O cuidado com a criação, preconizado por São Francisco de Assis e instado por Papa Francisco, também se insere aí.
De volta ao Brasil e à natureza, Ailton Krenak, em Um rio, um pássaro (Editora Dantes), exalta ao mesmo tempo a ancestralidade e a interpretação dos sonhos, uma das fontes da moderna psicanálise:
“Foi o sonho da tradição que me deu o caminho a seguir. Deu-me vitalidade e o sentido de estar conectado com os antepassados. Tomamos decisões importantes quando sonhamos. No sonho, enxergamos qual o melhor caminho a seguir. Se não conseguimos sonhar, nada acontece. Esperamos sonhar.”
A beleza desse universo imaterial pode ser mais bem compreendida na visão de Krenak sobre o maior temor dos homens brancos: a morte.

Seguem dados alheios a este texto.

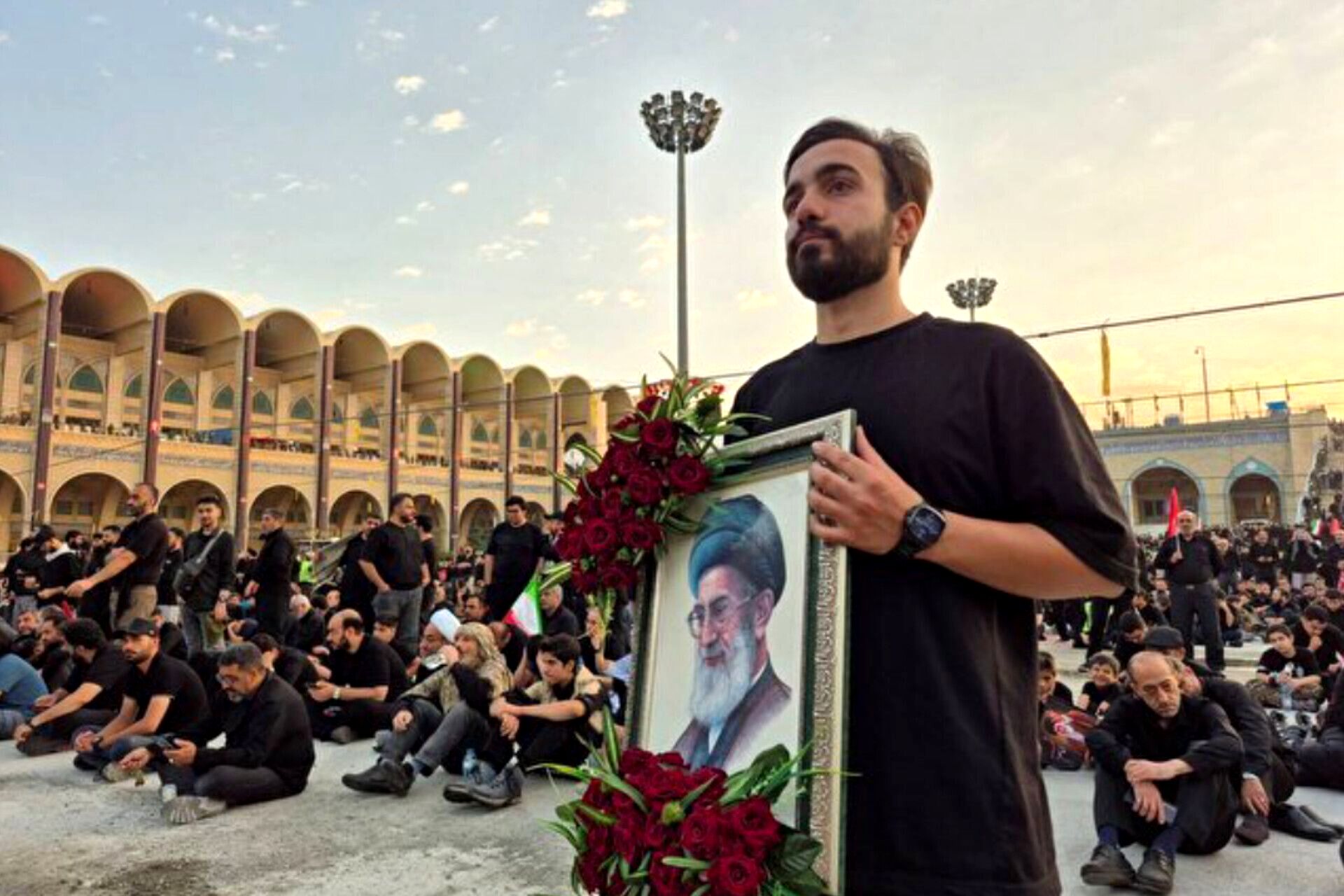 نسل نو آرمان‌های رهبر شهید را فریاد می‌زند
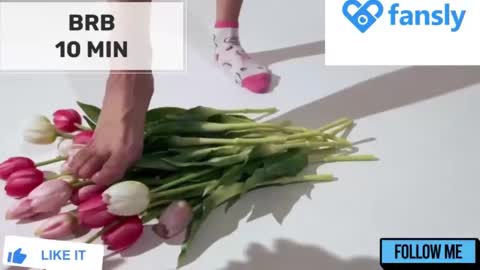 Mommy online show from 6, 2, 2025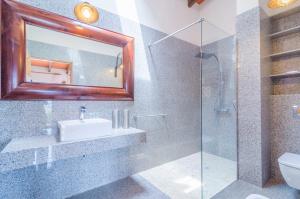 Ein Badezimmer in der Unterkunft Sa Montanyeta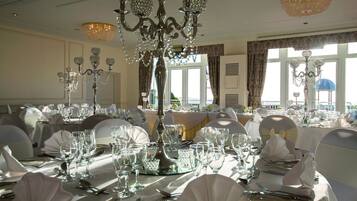 2 restaurantes; se sirve desayuno, almuerzo y cena; cocina francesa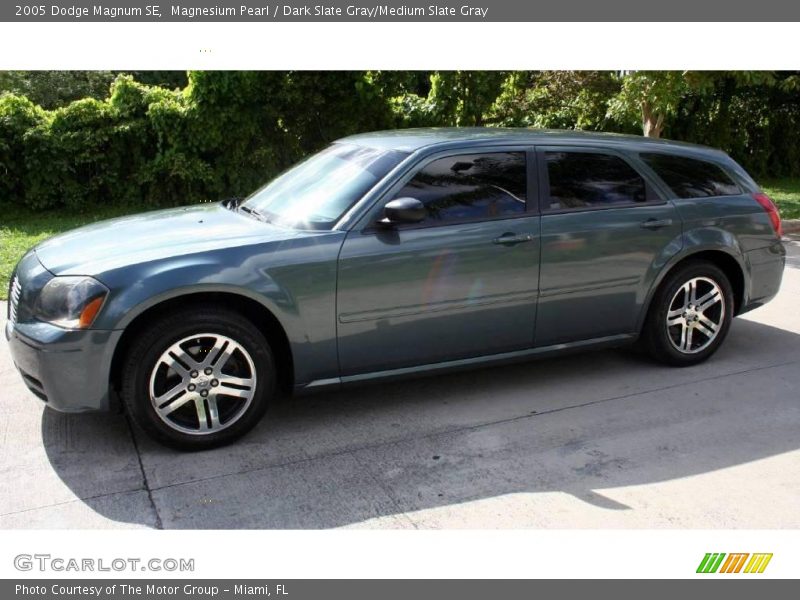 Magnesium Pearl / Dark Slate Gray/Medium Slate Gray 2005 Dodge Magnum SE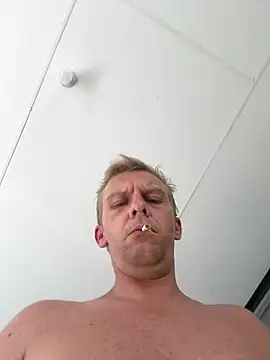 Snapshot of aus_guy93 chatting on February 21, 5:52 am aus guy93 online show from February 21, 5:52 am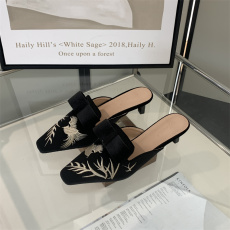 批发2025年绣花复古细跟小方头  长期加码 35-40码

Aqui, a poética visão indígena se aproxima da igualmente poética perspectiva de vida dos anarquistas, outrora hegemônicos e hoje mal compreendidos:
“Atingir o pensamento de que se pode passar por esta existência de modo mais silencioso será um grande avanço para os filhos do planeta.”
Vista dessa maneira, até a morte pode ser doce, como um pôr do sol que, embora distinto nas quatro estações, é sempre poesia e beleza.